=== Recorded data ===

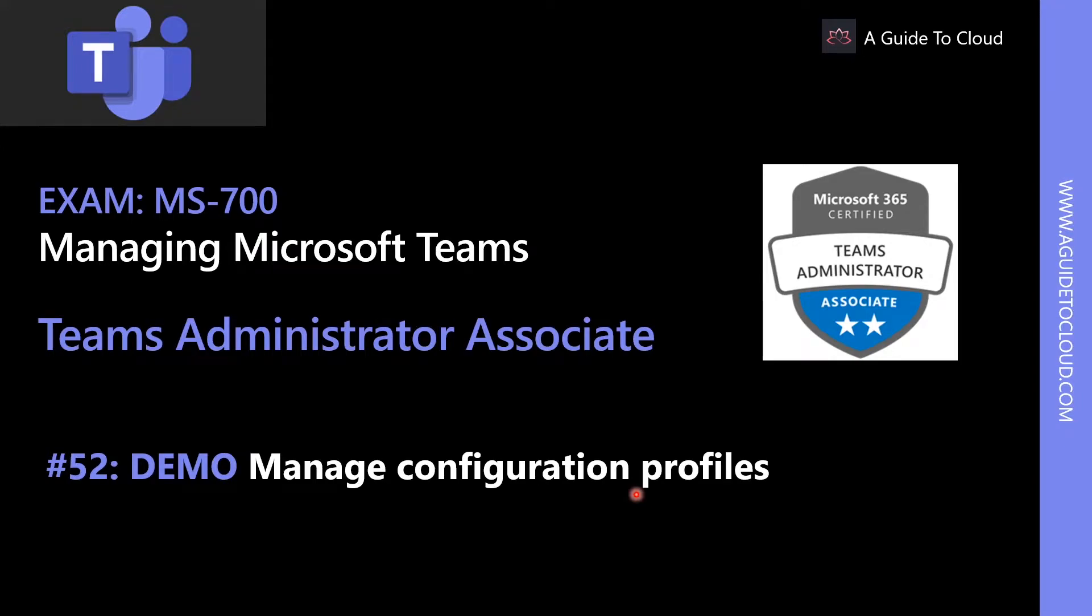Hey, welcome back. My name is Sushant Sutesh and I'm your instructor for this examination series MS-700. In this lesson, we're going to learn about managing configuration profiles.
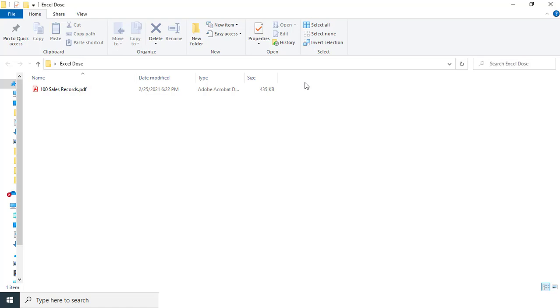Hello everyone, welcome to Acceldose. In this video we learn how to convert PDF data into Excel.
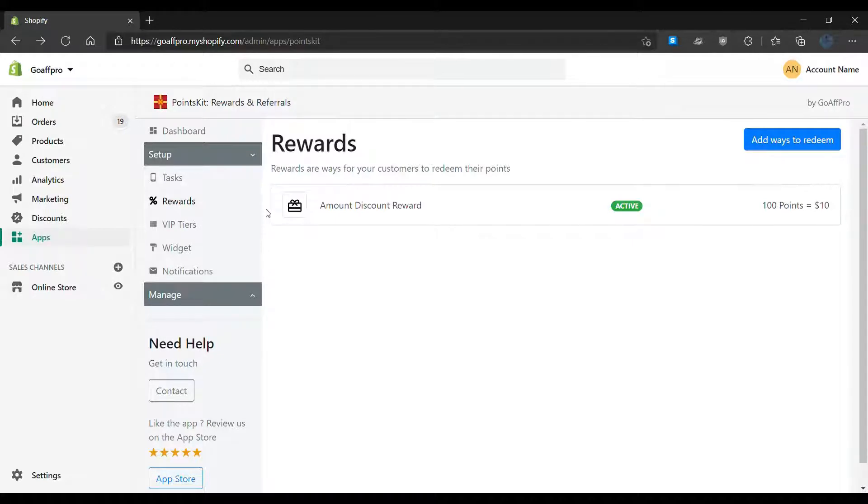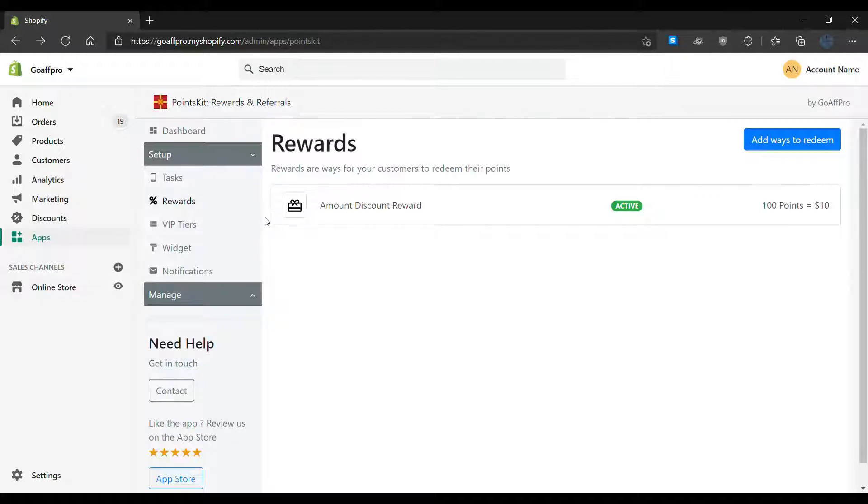Here, in the Rewards tab of the Points Kit admin panel, you can set up rewards for your customers.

===

Directions for this task >>
Exclude the pictures from the copy. Retype exactly the lines running from the one containing "Hello everyone, welcome" through the last line of the listing.

Task result >>
Hello everyone, welcome to Acceldose. In this video we learn how to convert PDF data into Excel.
Here, in the Rewards tab of the Points Kit admin panel, you can set up rewards for your customers.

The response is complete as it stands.